Likewise, while Islamic Relief joined forces with a number of other leading UK aid agencies in September 2002 to warn against the humanitarian consequences of a war against Iraq, Muslim Aid addressed its own constituency more directly, protesting that the war lacked legitimacy.
Despite different approaches, Islamic Relief and Muslim Aid have adopted the full range of conventional fundraising techniques alongside their specific Islamic traditions - zakat, one of the five pillars of the religion, sadaqa (optional alms-giving) and waqf (the Muslim equivalent of charitable trusts).

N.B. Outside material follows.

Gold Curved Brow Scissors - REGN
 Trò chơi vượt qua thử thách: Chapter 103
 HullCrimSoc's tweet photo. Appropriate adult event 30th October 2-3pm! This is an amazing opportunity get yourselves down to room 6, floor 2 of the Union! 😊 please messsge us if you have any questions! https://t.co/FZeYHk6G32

Fundraising is concentrated on Ramadan. The bigger agencies follow the standard procedures necessary to secure British government and European Union funding, while all the Muslim charities share some other characteristics. Mosques and mosque schools provide a centre for their welfare work; projects to help refugees and orphans are given priority; and special attention is accorded to distributing halal meat and children's clothes at the time of religious festivals.
Some large Muslim agencies, such as the International Islamic Relief Organization, based in Jeddah, Saudi Arabia, are in effect organs of national governments. During the Afghan conflict of the 1980s and the Bosnian conflict of the 1990s, international Islamic charities became vehicles for confrontation with western influences and for competition between rival versions of Islam.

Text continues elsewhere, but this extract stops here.